» **WHAT YOU WILL DO**
Beneath this line is the data. Output exactly the lines from the line with "thi cong chuc tai Trung Quoc anh 3" to the line with "Picture 2 of 7", both ends included, and nothing more.

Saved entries
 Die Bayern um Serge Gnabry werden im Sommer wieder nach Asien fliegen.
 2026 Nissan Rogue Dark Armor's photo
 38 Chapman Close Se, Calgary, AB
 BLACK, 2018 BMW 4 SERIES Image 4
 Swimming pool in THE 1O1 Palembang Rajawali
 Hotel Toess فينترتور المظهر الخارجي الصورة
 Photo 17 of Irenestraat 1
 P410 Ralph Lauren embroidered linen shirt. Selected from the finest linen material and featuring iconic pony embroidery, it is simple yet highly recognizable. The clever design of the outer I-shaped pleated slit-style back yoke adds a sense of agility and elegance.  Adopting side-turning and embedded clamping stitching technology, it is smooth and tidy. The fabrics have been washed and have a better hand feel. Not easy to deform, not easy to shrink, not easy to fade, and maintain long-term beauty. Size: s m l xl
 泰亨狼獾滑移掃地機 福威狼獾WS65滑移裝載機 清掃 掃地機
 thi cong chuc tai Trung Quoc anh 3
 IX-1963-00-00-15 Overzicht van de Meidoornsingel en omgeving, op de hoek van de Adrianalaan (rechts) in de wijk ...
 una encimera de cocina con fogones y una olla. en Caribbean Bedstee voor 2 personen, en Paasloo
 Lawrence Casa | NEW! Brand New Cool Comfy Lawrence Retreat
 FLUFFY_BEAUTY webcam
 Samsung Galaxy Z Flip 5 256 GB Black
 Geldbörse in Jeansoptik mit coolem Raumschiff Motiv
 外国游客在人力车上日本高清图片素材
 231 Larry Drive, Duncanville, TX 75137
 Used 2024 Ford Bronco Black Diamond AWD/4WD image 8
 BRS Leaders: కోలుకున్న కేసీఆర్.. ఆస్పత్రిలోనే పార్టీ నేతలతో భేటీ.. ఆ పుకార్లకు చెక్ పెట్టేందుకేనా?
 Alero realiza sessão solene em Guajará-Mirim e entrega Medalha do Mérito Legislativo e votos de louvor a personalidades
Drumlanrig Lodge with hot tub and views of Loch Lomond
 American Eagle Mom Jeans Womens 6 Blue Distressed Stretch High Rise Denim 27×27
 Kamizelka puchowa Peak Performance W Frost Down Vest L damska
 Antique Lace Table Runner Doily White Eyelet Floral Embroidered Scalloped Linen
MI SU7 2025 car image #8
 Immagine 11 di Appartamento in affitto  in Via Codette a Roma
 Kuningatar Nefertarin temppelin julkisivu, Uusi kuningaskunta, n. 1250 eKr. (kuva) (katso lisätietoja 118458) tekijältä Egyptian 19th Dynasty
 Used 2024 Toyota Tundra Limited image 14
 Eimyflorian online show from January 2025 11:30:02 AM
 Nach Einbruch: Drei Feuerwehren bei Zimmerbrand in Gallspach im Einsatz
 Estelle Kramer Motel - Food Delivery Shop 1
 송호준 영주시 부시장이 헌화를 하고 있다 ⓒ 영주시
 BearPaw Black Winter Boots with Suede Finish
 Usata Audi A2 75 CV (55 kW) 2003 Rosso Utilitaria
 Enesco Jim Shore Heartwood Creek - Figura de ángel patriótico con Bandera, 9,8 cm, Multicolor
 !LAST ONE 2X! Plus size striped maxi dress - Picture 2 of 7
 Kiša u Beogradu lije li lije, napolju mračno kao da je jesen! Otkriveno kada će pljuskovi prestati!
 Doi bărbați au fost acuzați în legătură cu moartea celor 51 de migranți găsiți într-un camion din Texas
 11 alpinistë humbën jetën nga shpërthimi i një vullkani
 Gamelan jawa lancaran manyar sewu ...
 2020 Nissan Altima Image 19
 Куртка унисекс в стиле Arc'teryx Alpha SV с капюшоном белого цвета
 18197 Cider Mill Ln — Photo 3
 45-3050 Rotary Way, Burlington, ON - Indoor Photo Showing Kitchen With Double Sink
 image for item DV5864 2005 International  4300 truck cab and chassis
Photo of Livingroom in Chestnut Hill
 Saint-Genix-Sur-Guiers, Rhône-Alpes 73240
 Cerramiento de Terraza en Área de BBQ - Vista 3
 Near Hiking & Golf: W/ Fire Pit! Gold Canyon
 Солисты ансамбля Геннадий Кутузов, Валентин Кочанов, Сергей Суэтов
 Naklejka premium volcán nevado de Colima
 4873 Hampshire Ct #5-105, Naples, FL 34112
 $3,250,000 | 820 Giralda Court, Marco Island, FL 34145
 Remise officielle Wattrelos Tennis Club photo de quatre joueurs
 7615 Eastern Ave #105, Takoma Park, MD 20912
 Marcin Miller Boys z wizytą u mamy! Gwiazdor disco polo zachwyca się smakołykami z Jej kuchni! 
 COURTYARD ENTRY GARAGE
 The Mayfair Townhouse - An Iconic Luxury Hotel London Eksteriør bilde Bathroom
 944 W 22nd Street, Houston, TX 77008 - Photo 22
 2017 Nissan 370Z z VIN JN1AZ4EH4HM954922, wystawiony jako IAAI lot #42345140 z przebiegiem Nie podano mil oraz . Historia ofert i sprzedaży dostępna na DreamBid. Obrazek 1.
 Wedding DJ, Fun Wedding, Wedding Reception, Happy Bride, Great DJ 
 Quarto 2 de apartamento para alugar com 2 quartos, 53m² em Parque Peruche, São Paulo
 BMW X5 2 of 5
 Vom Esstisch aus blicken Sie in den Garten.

» **ANSWER TO THIS PROBLEM**
 thi cong chuc tai Trung Quoc anh 3
 IX-1963-00-00-15 Overzicht van de Meidoornsingel en omgeving, op de hoek van de Adrianalaan (rechts) in de wijk ...
 una encimera de cocina con fogones y una olla. en Caribbean Bedstee voor 2 personen, en Paasloo
 Lawrence Casa | NEW! Brand New Cool Comfy Lawrence Retreat
 FLUFFY_BEAUTY webcam
 Samsung Galaxy Z Flip 5 256 GB Black
 Geldbörse in Jeansoptik mit coolem Raumschiff Motiv
 外国游客在人力车上日本高清图片素材
 231 Larry Drive, Duncanville, TX 75137
 Used 2024 Ford Bronco Black Diamond AWD/4WD image 8
 BRS Leaders: కోలుకున్న కేసీఆర్.. ఆస్పత్రిలోనే పార్టీ నేతలతో భేటీ.. ఆ పుకార్లకు చెక్ పెట్టేందుకేనా?
 Alero realiza sessão solene em Guajará-Mirim e entrega Medalha do Mérito Legislativo e votos de louvor a personalidades
Drumlanrig Lodge with hot tub and views of Loch Lomond
 American Eagle Mom Jeans Womens 6 Blue Distressed Stretch High Rise Denim 27×27
 Kamizelka puchowa Peak Performance W Frost Down Vest L damska
 Antique Lace Table Runner Doily White Eyelet Floral Embroidered Scalloped Linen
MI SU7 2025 car image #8
 Immagine 11 di Appartamento in affitto  in Via Codette a Roma
 Kuningatar Nefertarin temppelin julkisivu, Uusi kuningaskunta, n. 1250 eKr. (kuva) (katso lisätietoja 118458) tekijältä Egyptian 19th Dynasty
 Used 2024 Toyota Tundra Limited image 14
 Eimyflorian online show from January 2025 11:30:02 AM
 Nach Einbruch: Drei Feuerwehren bei Zimmerbrand in Gallspach im Einsatz
 Estelle Kramer Motel - Food Delivery Shop 1
 송호준 영주시 부시장이 헌화를 하고 있다 ⓒ 영주시
 BearPaw Black Winter Boots with Suede Finish
 Usata Audi A2 75 CV (55 kW) 2003 Rosso Utilitaria
 Enesco Jim Shore Heartwood Creek - Figura de ángel patriótico con Bandera, 9,8 cm, Multicolor
 !LAST ONE 2X! Plus size striped maxi dress - Picture 2 of 7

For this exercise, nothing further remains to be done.